From the Africa Visa Openness Report 2016
African Heads of State will be the first to receive a new African Union e-passport making travel in Africa much easier. The plan is to expand the travel document to also facilitate the movement of goods, a particularly onerous undertaking through the continent. The plan is to allow for visa-free travel throughout Africa for African residents by 2020.
A brief history
While a document offering safe travel dates back to ancient times the current version takes its name from a medieval document allowing travel to towns and cities with gates. The document would list which gates or ports, as they were known then, the traveler was permitted to pass. Sea ports did not require documents.
Not much has changed really.
There are a few options to evolve the paper document. Different countries are testing the various options.
These have an electronic chip embedded in them making them harder to forge and easier to verify at entry points. They contain bio-metric information about the user which could be facial recognition, Iris recognition or fingerprint recognition. The system would allow contactless reading of the details of chip and a scanner would confirm the person matches the information held on the chip.
Because no contact is required the entry points could be managed automatically. Should there be an issue the person could be re-routed to an immigration official. Depending on how the passports are made, they could easily be issued to last longer than the current maximum of 10 years.
If stamps and other markings could be avoided, filling the passport would also no longer be an issue.
A big issue with issuing visa’s that need to be pre-approved is that the passport - and often the person using it - needs to physically present themselves to a specific venue for the processing. This is both time consuming and inconvenient. An e-visa is not actually placed in a passport. It uses an electronic record to say that a passport holder has been approved for entry.
This means that the application can be made online and the visa issued without needing the actual passport. Some countries issue visas at the port of entry which is better, but still time consuming and even more inconvenient if the person is rejected.
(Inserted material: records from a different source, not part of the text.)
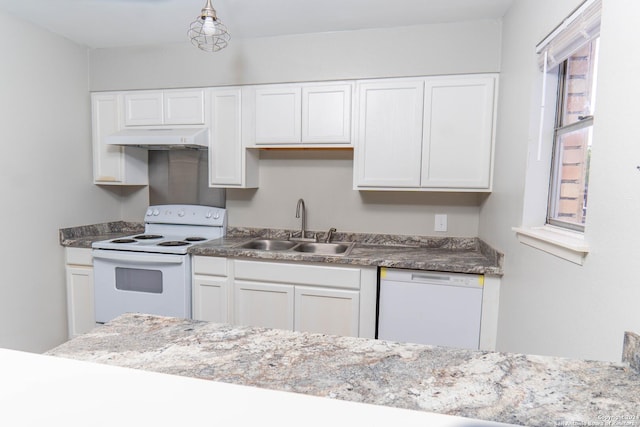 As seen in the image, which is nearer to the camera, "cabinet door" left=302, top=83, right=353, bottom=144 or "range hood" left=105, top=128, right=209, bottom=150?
"cabinet door" left=302, top=83, right=353, bottom=144

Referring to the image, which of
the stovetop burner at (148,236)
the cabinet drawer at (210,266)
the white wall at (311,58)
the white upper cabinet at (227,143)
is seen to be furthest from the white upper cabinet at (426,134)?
the stovetop burner at (148,236)

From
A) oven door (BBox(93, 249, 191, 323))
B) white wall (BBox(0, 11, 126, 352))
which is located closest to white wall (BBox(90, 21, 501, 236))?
white wall (BBox(0, 11, 126, 352))

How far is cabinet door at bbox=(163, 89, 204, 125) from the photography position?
2.65 meters

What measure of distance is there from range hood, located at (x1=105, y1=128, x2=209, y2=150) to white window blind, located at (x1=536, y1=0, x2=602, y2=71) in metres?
2.15

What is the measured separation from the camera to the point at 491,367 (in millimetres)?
741

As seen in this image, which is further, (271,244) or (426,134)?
(271,244)

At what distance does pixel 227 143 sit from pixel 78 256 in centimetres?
143

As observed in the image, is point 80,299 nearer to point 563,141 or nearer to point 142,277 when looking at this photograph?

The best is to do away with visas altogether, at least for tourist visas. But making business travel and, even more importantly, trade easier is the ultimate goal.
Not all countries have the ability to issue the highly secure e-passport limiting the ability to easily implement e-visas or scrap them all together.
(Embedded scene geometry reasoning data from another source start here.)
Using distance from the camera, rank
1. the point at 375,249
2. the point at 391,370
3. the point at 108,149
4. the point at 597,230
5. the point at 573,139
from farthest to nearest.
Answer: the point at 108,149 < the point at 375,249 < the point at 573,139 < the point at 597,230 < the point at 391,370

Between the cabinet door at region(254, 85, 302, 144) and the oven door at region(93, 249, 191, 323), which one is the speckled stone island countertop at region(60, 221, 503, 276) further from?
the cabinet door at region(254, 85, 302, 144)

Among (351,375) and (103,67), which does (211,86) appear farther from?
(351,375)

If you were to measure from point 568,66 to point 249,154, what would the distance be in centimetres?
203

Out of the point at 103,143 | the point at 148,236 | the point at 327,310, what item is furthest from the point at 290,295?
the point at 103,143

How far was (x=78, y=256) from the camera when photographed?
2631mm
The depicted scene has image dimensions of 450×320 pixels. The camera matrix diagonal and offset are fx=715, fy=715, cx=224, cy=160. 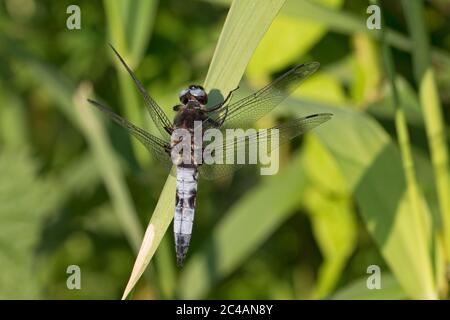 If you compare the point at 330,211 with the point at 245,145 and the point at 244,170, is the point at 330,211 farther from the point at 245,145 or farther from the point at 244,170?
the point at 244,170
It is also not only a logistics issue. Political relations between countries determine the likelihood they would readily accept visits from potential rival states.
The technology to make the transition is currently available, the political will and bureaucratic ability to deliver on it will present the greatest challenges.
The current state of travel in Africa for Africans
- 55% need a visa to travel to another African country.
- Only 9 countries offer e-visas. 95% of travelers to Rwanda use an e-visa.
- Only 13 countries offer easy or free access to other Africans.
- South Africa is ranked 35th on the continent and considered fairly closed for easy travel - a visa is required by 75% of African countries.
- Only the Seychelles is truly open and allows all Africans to visit visa free.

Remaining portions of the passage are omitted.